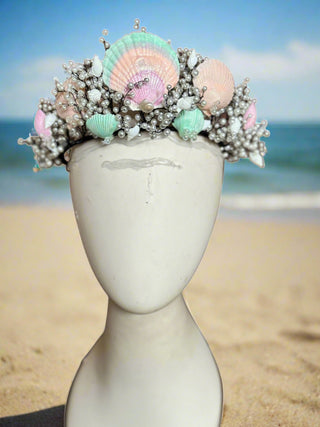 Pearls and Shells Mermaid Crown-Accessories-Snobby Drops Fabric Backdrops for Photography, Exclusive Designs by Tara Mapes Photography, Enchanted Eye Creations by Tara Mapes, photography backgrounds, photography backdrops, fast shipping, US backdrops, cheap photography backdrops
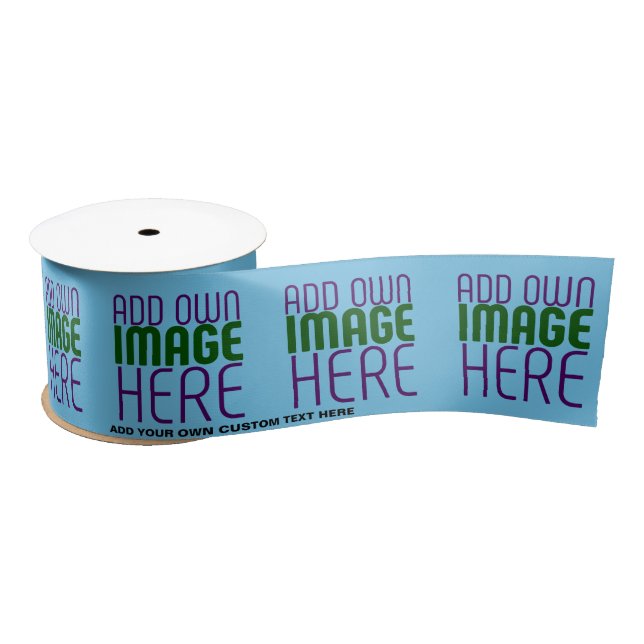 MODERN EDITABLE SWAG SKY BLUE IMAGE TEXT TEMPLATE SATIN RIBBON (Spool)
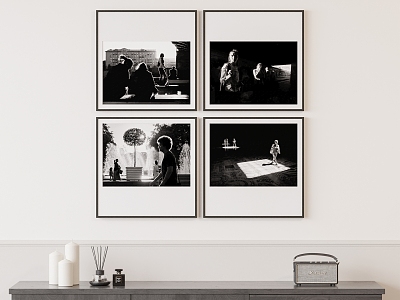 Decorative painting black and white photo combination 3d model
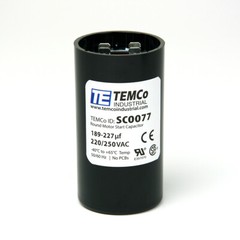 TEMCo 189-227 uf/MFD 220-250 VAC volts Round Start Capacitor 50/60 Hz -Lot-1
==*==
ASSIGNMENT: Every line of the data above is to be set down exactly; the pictures are not.

EXERCISE RESPONSE:
 Pearls and Shells Mermaid Crown-Accessories-Snobby Drops Fabric Backdrops for Photography, Exclusive Designs by Tara Mapes Photography, Enchanted Eye Creations by Tara Mapes, photography backgrounds, photography backdrops, fast shipping, US backdrops, cheap photography backdrops
 MODERN EDITABLE SWAG SKY BLUE IMAGE TEXT TEMPLATE SATIN RIBBON (Spool)
 Decorative painting black and white photo combination 3d model
 TEMCo 189-227 uf/MFD 220-250 VAC volts Round Start Capacitor 50/60 Hz -Lot-1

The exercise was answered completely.